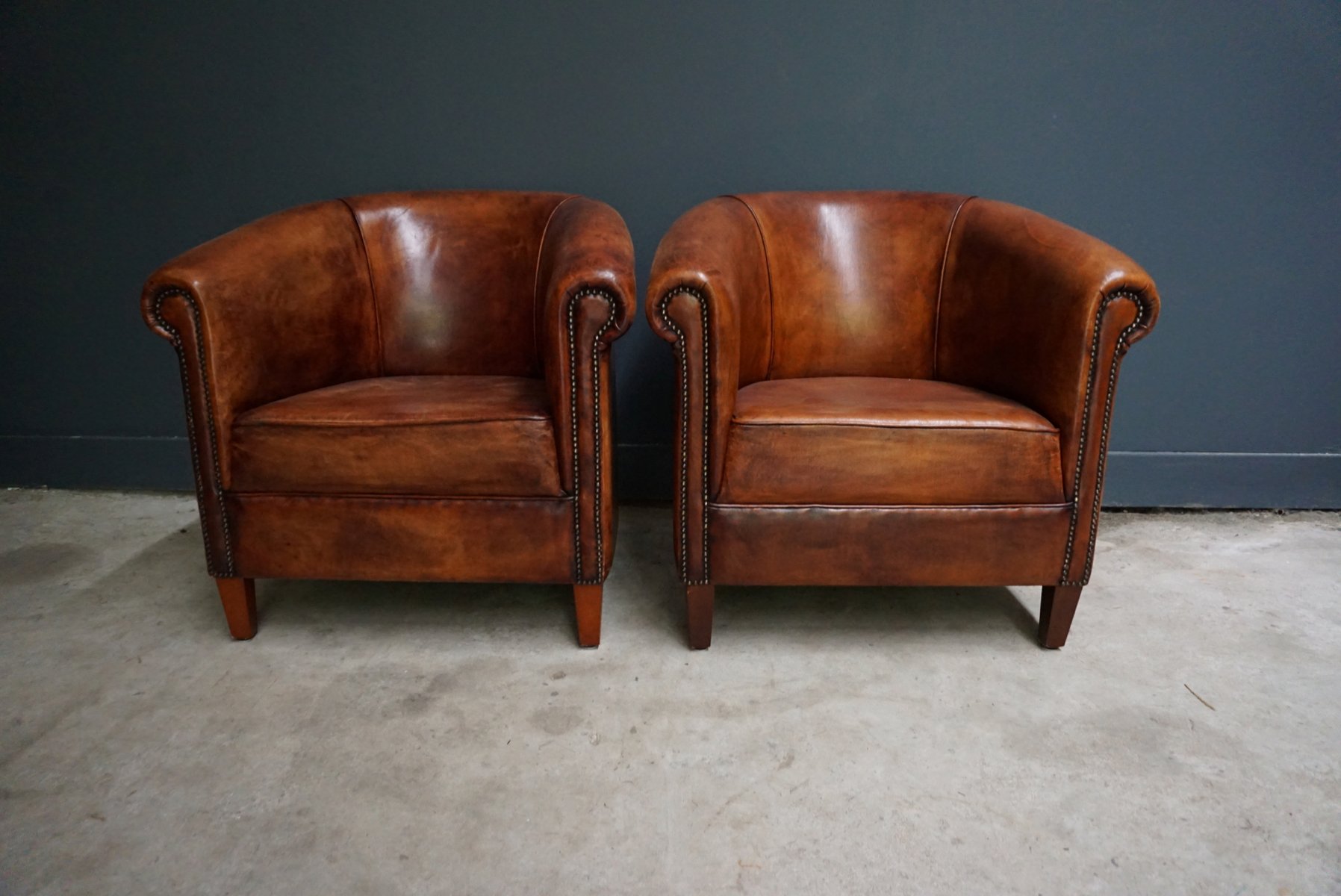 Vintage Dutch Cognac Leather Club Chairs Set Of 2 For At Pamono Vintage Dutch Cognac Leather Club Chairs Set Of 2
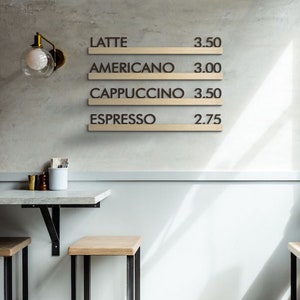 Quadro de menu personalizado, quadro de letras alteráveis, quadro de menu de madeira, quadro de menu com letras, placa de menu de café, quadro de menu de restaurante, quadro de menu de café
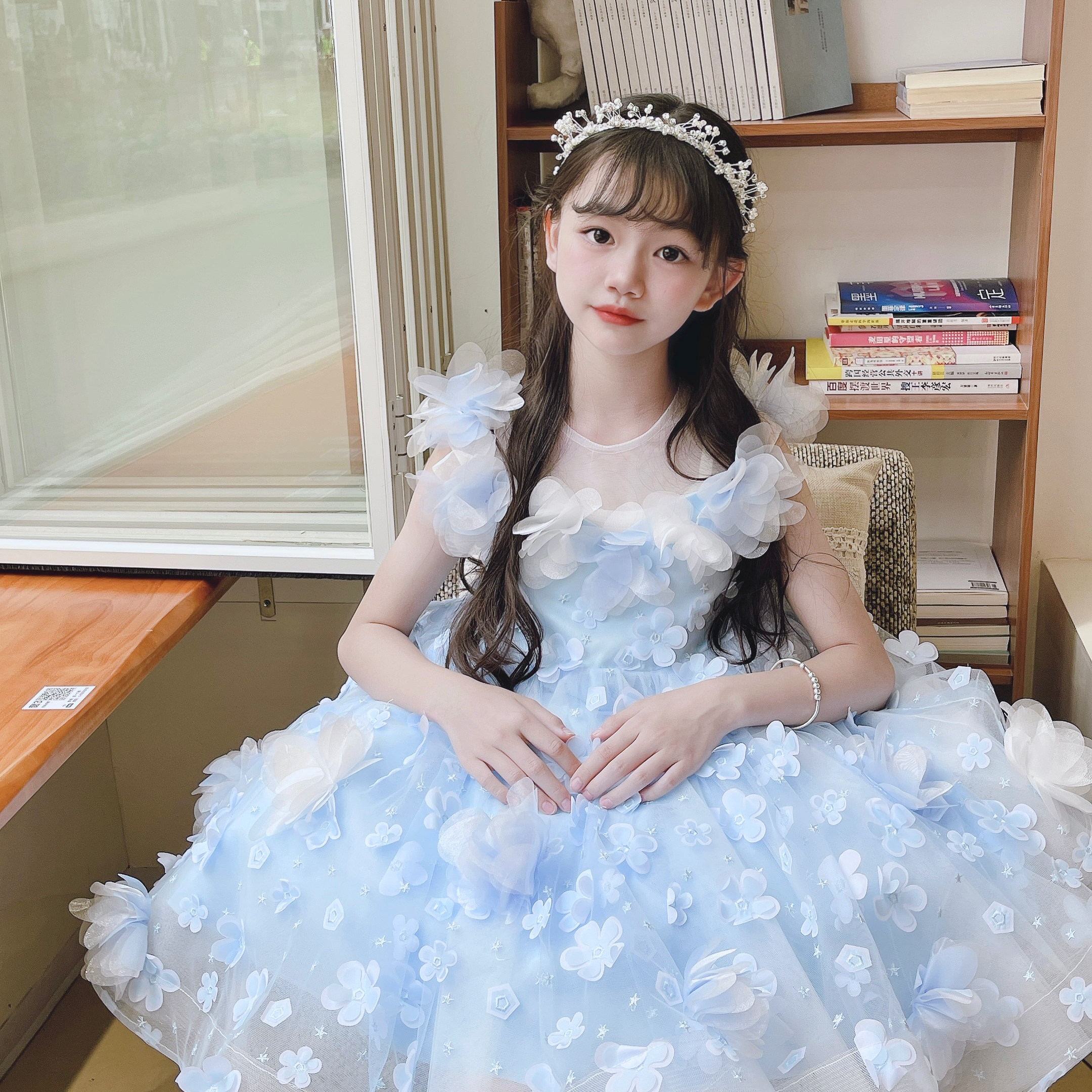 女童礼服高端花仙子儿童生日洋气公主裙子小主持人钢琴演奏蓝色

> _What this task involves_: Restate the data above word for word, so that the only difference is the missing pictures.

> _Answer space_:
 Vintage Dutch Cognac Leather Club Chairs Set Of 2 For At Pamono Vintage Dutch Cognac Leather Club Chairs Set Of 2
 Quadro de menu personalizado, quadro de letras alteráveis, quadro de menu de madeira, quadro de menu com letras, placa de menu de café, quadro de menu de restaurante, quadro de menu de café
 女童礼服高端花仙子儿童生日洋气公主裙子小主持人钢琴演奏蓝色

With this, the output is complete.